O Irlandês The Irishman Netflix Martin Scorsese

“O Irlandês” é um caso curioso, pois funde estas duas categorias.

“O Irlandês” é um evento

Copa do Mundo. Olimpíadas. Rock in Rio. Eleições presidenciais. Estes são eventos que param um país. Seja pela sazonalidade, pela cobertura ostensiva da mídia, ou mesmo pelo impacto que estes eventos causam nas vidas dos envolvidos, até pessoas que não são particularmente interessadas em esportes, música ou política param e prestam atenção. Este é o momento em que nós, produtores de conteúdo amantes deste mundo, temos uma audiência nova, incomum, disposta a nos ouvir.

O Irlandês The Irishman Netflix Martin Scorsese

Quando Martin Scorsese reúne Robert De Niro, Joe Pesci e Al Pacino para um filme de máfia distribuído pela Netflix, estamos falando de um evento, assim como um filme dos “Vingadores” (é impossível fugir da piada). Porque as “marcas” Scorsese, De Niro, Pesci e Pacino são reconhecidas por todos, da mesma maneira que a marca Marvel o é. Nesse momento, o espectador que faz Adam Sandler ser o ator mais rentável do cinema mundial, que não está nem aí para as inconsistências narrativas de “Velozes e Furiosos” e que maratona série pelo celular, o espectador médio, vai ouvir o crítico que passa o ano “pregando para convertidos”.

É a oportunidade de renovar as bases, apresentar um grande diretor para novos públicos e elevar o nível de cobrança deste público para o Cinema. “OK, você conhece filmes com narração em off, mas veja como o Scorsese a usa muito melhor“. “Qualquer um pode ser violento mostrando um tiro na cabeça, mas veja como Scorsese é violento filmando flores e deixando apenas o som do tiro preencher sua mente com a violência que você não vê“. E por aí vai.

O problema não é a discordância, mas o discurso vazio

Acho “O Irlandês” um dos grandes filmes de 2019. Talvez o grande filme de 2019. Quase a unanimidade das críticas que li também. Voltando aos dois textos que mencionei na abertura deste artigo, discordo pontualmente de duas teses neles contidas: Fiore define o filme como uma espécie de “epitáfio em vida” de Scorsese, enquanto Rockenbach associa as portas em “O Irlandês” a vida, morte e fuga. Pessoalmente, prefiro analisar se uma obra é ou não o “epitáfio em vida” de um diretor após a sua morte. E analiso as portas de “O Irlandês” como conexões. Enquanto a porta do escritório de Michael Corleone é fechada no fim de “O Poderoso Chefão”, simbolicamente excluindo Kay da vida do protagonista, Frank deixa a porta de seu quarto entreaberta, implorando que alguém – qualquer um – entre em sua vida.

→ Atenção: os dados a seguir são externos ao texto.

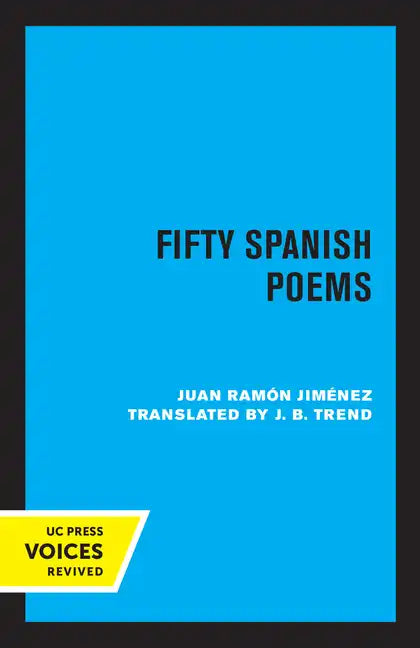 Fifty Spanish Poems - Paperback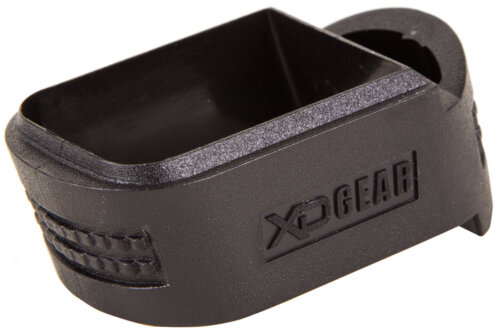 Springfield Armory XD5005 Mag Sleeve made of Polymer with Black Finish & 1 Piece Design for 45 ACP Springfield XD Magazine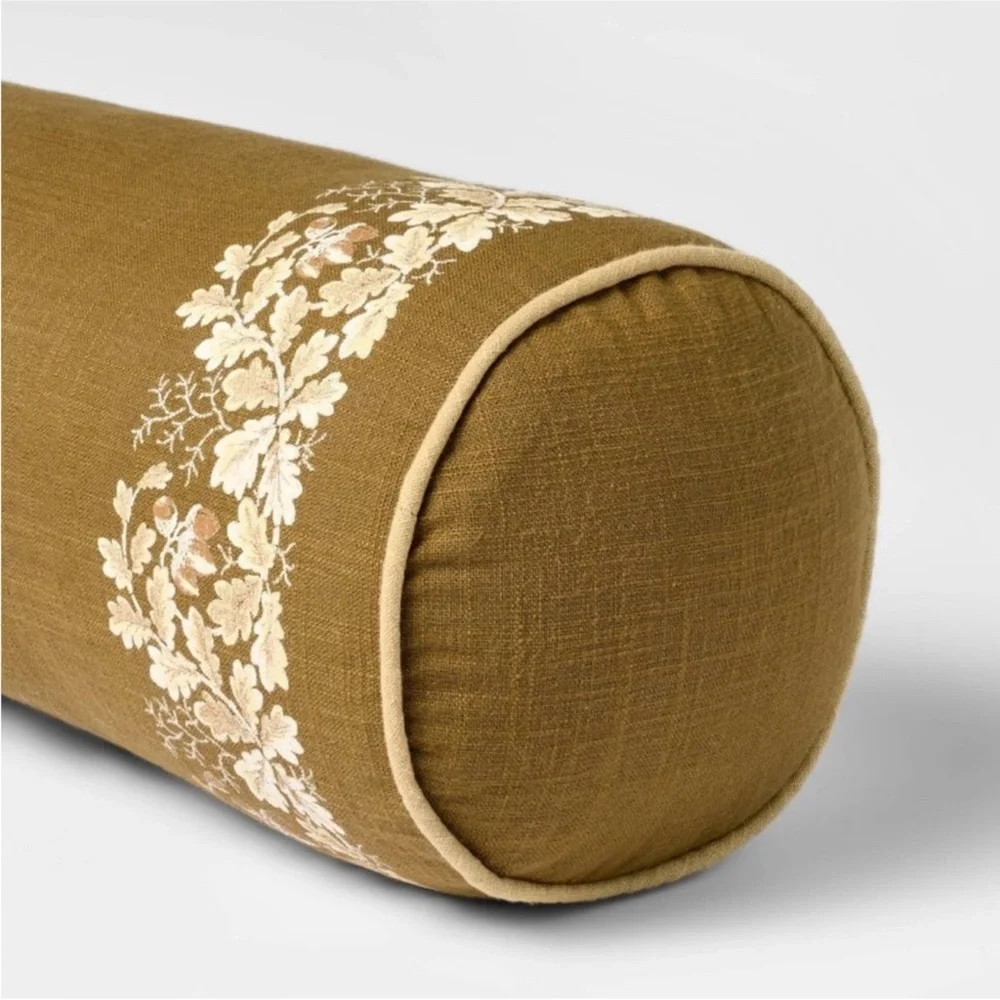 Studio McGee Threshold Bolster Pillow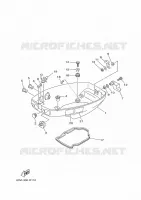 BOTTOM COVER for Yamaha 15F 2021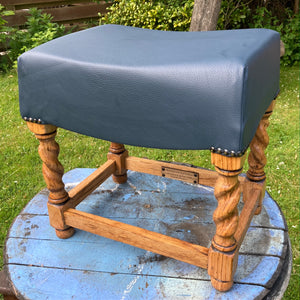 Stool refurbishment - After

Mas é inegável que os dois críticos baseiam suas teses em argumentos. Eu posso entender como chegaram às suas conclusões. E isso é ótimo, porque o conhecimento nasce do contraditório. Da mesma forma, defendo teses que podem ou não ter concordância dos leitores (como minha comparação entre Thanos e Malthus).

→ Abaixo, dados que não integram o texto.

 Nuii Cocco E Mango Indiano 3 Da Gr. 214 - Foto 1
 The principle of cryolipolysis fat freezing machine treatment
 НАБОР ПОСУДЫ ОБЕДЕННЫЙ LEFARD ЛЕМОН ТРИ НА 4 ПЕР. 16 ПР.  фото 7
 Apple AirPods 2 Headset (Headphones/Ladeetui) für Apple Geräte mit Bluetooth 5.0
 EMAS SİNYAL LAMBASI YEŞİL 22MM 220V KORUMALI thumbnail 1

Quando abro uma crítica que usa seus dois primeiros parágrafos para enumerar os filmes de Martin Scorsese e o número de vezes em que o elenco já trabalhou com o diretor (informações que qualquer um encontra na Wikipédia), os parágrafos intermediários para resumir a sinopse (algo dispensável para quem já viu o filme) e encerra com “obra-prima” (um termo que, sem justificativas, não passa de palavras ao vento), me coloco no lugar daquele espectador médio. Isso acrescenta algo à sua leitura do filme? E quando ele acessa duas, três, dez análises do filme e isso é tudo o que encontra? Terá este leitor a percepção de que a função do crítico é relevante?

Logo após a goleada de 7 a 1 sofrida pelo Brasil contra a Alemanha na Copa de 2014, o jornalista Mauro Cezar Pereira disse uma frase que ecoa na minha cabeça desde então: “o futebol brasileiro precisa ser repensado de cabo a rabo”. Após esse verdadeiro show de horrores da crítica “especializada”, nós deveríamos repensar nossa profissão de cabo a rabo. Estudar mais. Conversar mais entre nós e buscar formas de crescermos juntos, como YouTubers americanos fizeram com a playlist “One Marvelous Scene“, onde quase 200 canais usaram o MCU para falar sobre Teoria do Cinema. Fugir das frases de efeito e abraçar a substância.

Do contrário, seremos nós a escrever nossos epitáfios em vida.